Army Family Advocacy Program

The Military Projects within the Bronfenbrenner Center for Translational Research were recently awarded new funding by the National Institute of Food and Agriculture, United States Department of Agriculture and the U.S. Department of Defense under Agreement No. 2011-48581-31017 to develop Army Family Advocacy Program (FAP) prevention and educational materials and design and implement evaluation protocols for selected programs.

Prevention campaign materials will be developed for Army Domestic Violence Awareness Month and Child Abuse Prevention Month, which are sponsored Army-wide. A self-guided training module on the Transitional Compensation Program will be developed to inform commanders about this important benefit program for victims of abuse. Program evaluation will be underway for the New Parent Support Program (NPSP) Home Visitation program and the Victim Advocacy Program.

Leidy, Enroth, and Thomas

This is an annual renewal of work begun more than twenty years ago for the Army Family Advocacy Program which provides programs for Army families to thrive in challenging situations such as deployment and frequent relocation. The program also provides prevention education and intervention for child and domestic/partner abuse and offers home visitation services to Army families worldwide to promote positive parenting and reduce stress. This work will be carried out between September 1, 2012 and August 31, 2013 and will be led by Brian Leidy, Cindy Enroth, and Marney Thomas.
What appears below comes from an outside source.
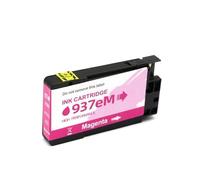 KOOILANG 936 937 938 936XL Ink Cartridge Compatible for HP Officejet Pro 9110b 9120 9130 9720 9730 4S6X3A 4S6X0A Printer Cartridge(937XL-Magenta)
Department of Defense’s Office of Community Support for Military Families with Special Needs Performance and Outcome Metrics

Leidy and Trochim

The Military Projects within the Bronfenbrenner Center for Translational Research were recently awarded funds by the National Institute of Food and Agriculture, United States Department of Agriculture and the U.S. Department of Defense as a continuation of Agreement No. 2010-39562-21770 to assist the Department of Defense’s (DoD) Office of Community Support for Military Families with Special Needs in developing common reporting metrics among the four Branches of the Military for their Exceptional Family Member Program activities and outcomes. This work will be carried out in partnership with the Cornell Office for Research on Evaluation (CORE) between September 1, 2012 and August 31, 2013 and will be led by Brian Leidy at BCTR and William Trochim at CORE.
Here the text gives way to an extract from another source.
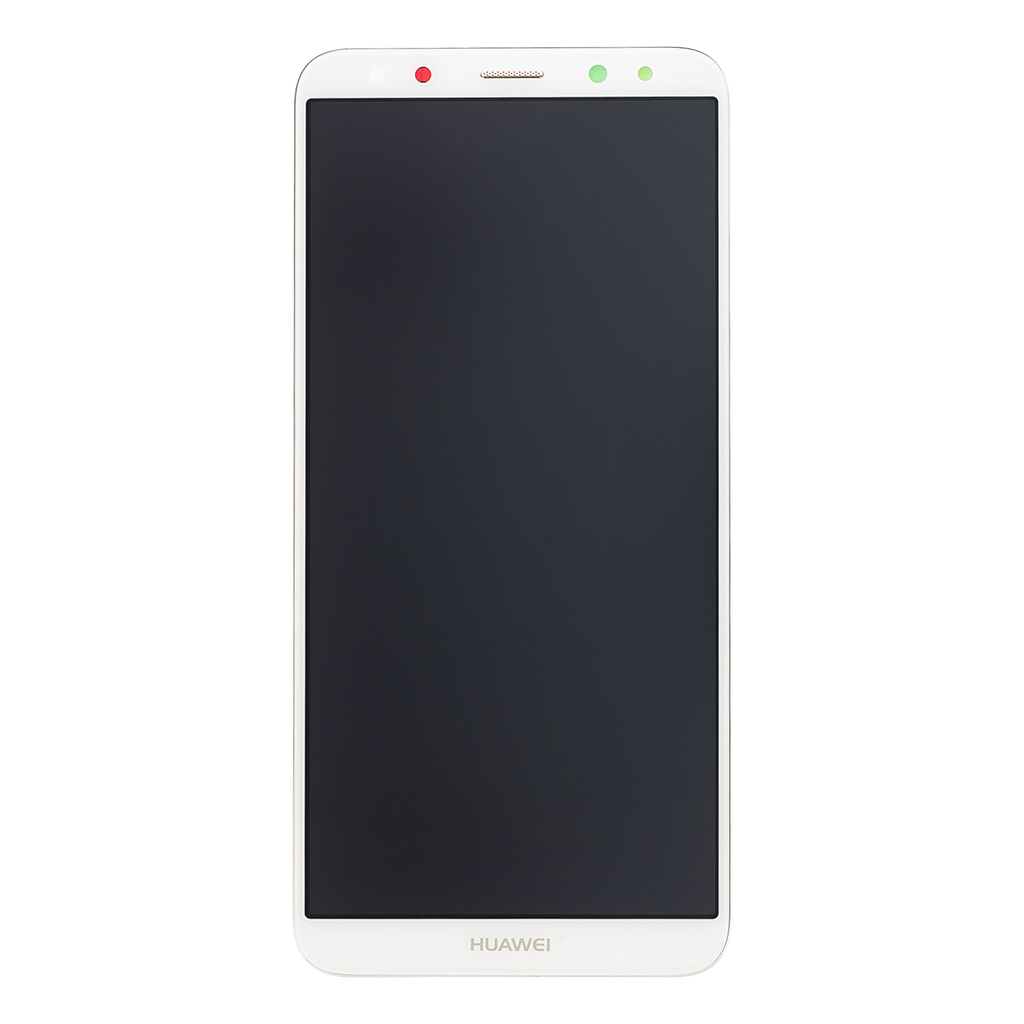 LCD + dotyk + přední kryt pro Huawei Mate 10 Lite, white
United States Air Force Family Advocacy Program Violence Prevention Campaign Materials

The Military Projects within the Bronfenbrenner Center for Translational Research were recently awarded funds by Kansas State University as a sub-agreement of their award from the National Institute of Food and Agriculture, United States Department of Agriculture and the U.S. Department of Defense, Agreement No. 2012-39575-20317 to assist the Family Advocacy Program of the United States Air Force (USAF) to develop and implement a set of standardized prevention campaign/marketing materials as the initial phase of a toolbox which would be utilized by their base outreach coordinators around Teen Dating Violence Month (February 2013); Child Abuse Prevention Month (April 2013) and Domestic Abuse/Violence Prevention Month (October 2013). This work will be carried out between September 1, 2012 and August 31, 2013 and will be led by Marney Thomas, Cynthia Enroth, and Brian Leidy.